Opinion of the Advocate-General


1. By this action brought before the Court of Justice on 25 February 1999, the Commission seeks a declaration that the Federal Republic of Germany has failed to fulfil its obligations under Article 169 of the EC Treaty (now Article 226 EC).

The Commission maintains that the application of Paragraph 23 et seq. of the Künstlersozialversicherungsgesetz (Law on social security for artists and journalists) to authors who reside in another Member State and are normally self-employed in that other Member State and in Germany, is contrary to Articles 51 and 52 of the EC Treaty (now, following amendment, Articles 42 EC and 43 EC) and/or Article 59 of the EC Treaty (now Article 49 EC). It also infringes Title II of Regulation (EEC) No 1408/71 (hereinafter Regulation No 1408/71), in particular, the first sentence of Article 14a(2), in conjunction with Article 13(1) and (2)(b), according to which those authors are subject to the social security legislation only of the Member State in which they reside.

I Pre-litigation procedure

2. This alleged incompatibility between German law and the Community rules was pointed out by the Commission in the letter of formal notice it sent to the German Government on 17 September 1997. The infringement proceedings arose out of a complaint lodged by Mr Stutzer, a German journalist who resides in Belgium and works in a self-employed capacity both in Belgium and in other Member States.

3. The German Government replied to the formal notice in a statement dated 21 November 1997 which it enclosed in a letter sent to the Commission on 1 December 1997.

4. The Commission was not satisfied with the reply and, on 7 August 1998, delivered a reasoned opinion to Germany pursuant to Article 169 of the Treaty. On 22 September 1998 Germany's Permanent Representative to the European Union sent a letter to the Secretariat-General of the Commission enclosing his Government's reply, which was to the same effect as its reply to the formal notice.

II The German legislation in issue

5. Under Paragraph 23 et seq. of the Law on social security for artists and journalists, publishing houses and press agencies are required to pay a social charge known as Künstlersozialabgabe into the social security fund for those professionals. Its basis of assessment is composed of the remuneration paid by a taxable person during the calendar year to self-employed artists and journalists (hereinafter authors) for their work. The percentage varies depending on the sector.

All self-employed authors are required to join the social security scheme.

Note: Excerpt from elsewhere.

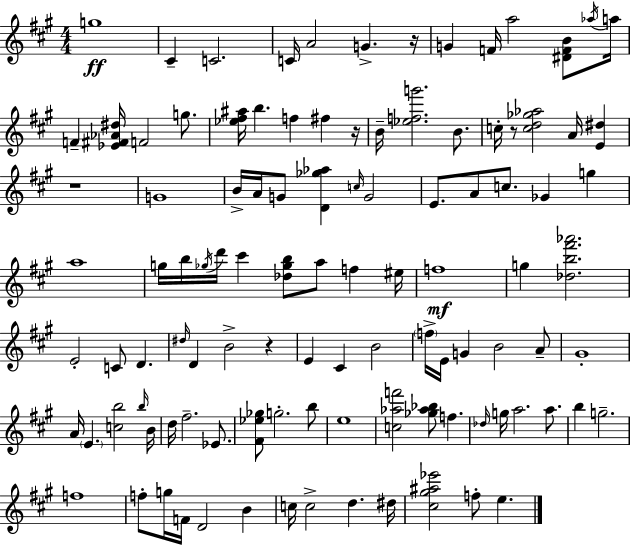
G5/w C#4/q C4/h. C4/s A4/h G4/q. R/s G4/q F4/s A5/h [D#4,F4,B4]/e Ab5/s A5/s F4/q [Eb4,F#4,Ab4,D#5]/s F4/h G5/e. [Eb5,F#5,A#5]/s B5/q. F5/q F#5/q R/s B4/s [Eb5,F5,G6]/h. B4/e. C5/s R/e [C5,D5,Gb5,Ab5]/h A4/s [E4,D#5]/q R/w G4/w B4/s A4/s G4/e [D4,Gb5,Ab5]/q C5/s G4/h E4/e. A4/e C5/e. Gb4/q G5/q A5/w G5/s B5/s Gb5/s D6/s C#6/q [Db5,Gb5,B5]/e A5/e F5/q EIS5/s F5/w G5/q [Db5,B5,F#6,Ab6]/h. E4/h C4/e D4/q. D#5/s D4/q B4/h R/q E4/q C#4/q B4/h F5/s E4/s G4/q B4/h A4/e G#4/w A4/s E4/q. [C5,B5]/h B5/s B4/s D5/s F#5/h. Eb4/e. [F#4,Eb5,Gb5]/e G5/h. B5/e E5/w [C5,Ab5,F6]/h [Gb5,Ab5,Bb5]/e F5/q. Db5/s G5/s A5/h. A5/e. B5/q G5/h. F5/w F5/e G5/s F4/s D4/h B4/q C5/s C5/h D5/q. D#5/s [C#5,G#5,A#5,Eb6]/h F5/e E5/q.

However, the law provides a series of situations in which they are exempt from the obligation to contribute, for example, where they have other self-employed or employed work or where, as part of their work as artists, they employ more than one worker.

The contribution must be paid by the employers irrespective of whether the authors whose work they are marketing are required to join the social security scheme or they are exempt from doing so.

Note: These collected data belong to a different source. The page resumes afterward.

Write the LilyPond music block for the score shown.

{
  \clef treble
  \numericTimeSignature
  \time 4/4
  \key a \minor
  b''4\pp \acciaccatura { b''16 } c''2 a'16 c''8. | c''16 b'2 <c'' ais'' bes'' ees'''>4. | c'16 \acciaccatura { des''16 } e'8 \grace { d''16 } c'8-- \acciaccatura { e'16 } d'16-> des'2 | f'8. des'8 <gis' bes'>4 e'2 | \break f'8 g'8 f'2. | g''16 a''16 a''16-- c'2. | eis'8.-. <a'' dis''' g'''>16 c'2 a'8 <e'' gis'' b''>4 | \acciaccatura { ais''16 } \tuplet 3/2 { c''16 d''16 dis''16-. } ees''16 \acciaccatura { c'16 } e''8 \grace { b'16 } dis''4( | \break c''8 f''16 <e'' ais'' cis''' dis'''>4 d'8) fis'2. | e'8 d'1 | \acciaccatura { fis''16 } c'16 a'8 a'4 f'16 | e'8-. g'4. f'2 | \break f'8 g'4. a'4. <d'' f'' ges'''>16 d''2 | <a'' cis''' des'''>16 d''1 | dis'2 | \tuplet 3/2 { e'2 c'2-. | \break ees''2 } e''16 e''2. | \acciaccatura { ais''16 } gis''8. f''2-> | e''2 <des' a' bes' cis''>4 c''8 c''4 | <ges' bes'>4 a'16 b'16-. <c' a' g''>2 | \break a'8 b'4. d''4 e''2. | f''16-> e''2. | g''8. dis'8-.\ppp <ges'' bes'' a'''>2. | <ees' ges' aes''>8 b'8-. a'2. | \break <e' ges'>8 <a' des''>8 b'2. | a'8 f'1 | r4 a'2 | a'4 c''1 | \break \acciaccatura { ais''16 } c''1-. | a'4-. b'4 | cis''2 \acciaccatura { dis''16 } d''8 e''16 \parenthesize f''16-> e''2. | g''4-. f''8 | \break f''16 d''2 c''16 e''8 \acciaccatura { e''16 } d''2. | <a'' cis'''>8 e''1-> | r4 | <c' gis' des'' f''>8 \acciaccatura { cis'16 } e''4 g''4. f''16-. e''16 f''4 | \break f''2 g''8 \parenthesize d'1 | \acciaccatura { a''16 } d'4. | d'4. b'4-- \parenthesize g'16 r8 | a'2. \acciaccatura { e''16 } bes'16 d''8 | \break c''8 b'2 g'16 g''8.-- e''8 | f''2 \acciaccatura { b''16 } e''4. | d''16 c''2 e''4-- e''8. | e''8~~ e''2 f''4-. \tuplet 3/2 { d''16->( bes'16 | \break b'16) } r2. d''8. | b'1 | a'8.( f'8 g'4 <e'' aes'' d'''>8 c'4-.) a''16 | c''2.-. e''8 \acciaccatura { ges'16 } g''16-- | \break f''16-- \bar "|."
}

The funds are provided, as to half, by contributions made by the person insured. The contribution paid by the employers must cover 25% of the scheme's financial needs and is fixed one year in advance. The other 25% is provided by the State, through subsidies. The cover extends to old-age pension, sickness insurance and invalidity benefit.

Under Paragraph 36a of the Law, in conjunction with Paragraph 32 of the Sozialgesetzbuch (social security code), the contribution for which the employer is liable may not be passed on to the authors.

III The Community legislation allegedly infringed

6. The Commission considers that, by applying that legislation, the Federal Republic of Germany has infringed Articles 51, 52 and/or 59 of the EC Treaty and several provisions of Title II of Regulation 1408/71 concerning the determination of the legislation applicable.

In particular Article 13(1) and (2)(b) provide:

1. Subject to Article 14c, persons to whom this Regulation applies shall be subject to the legislation of a single Member State only. That legislation shall be determined in accordance with the provisions of this Title.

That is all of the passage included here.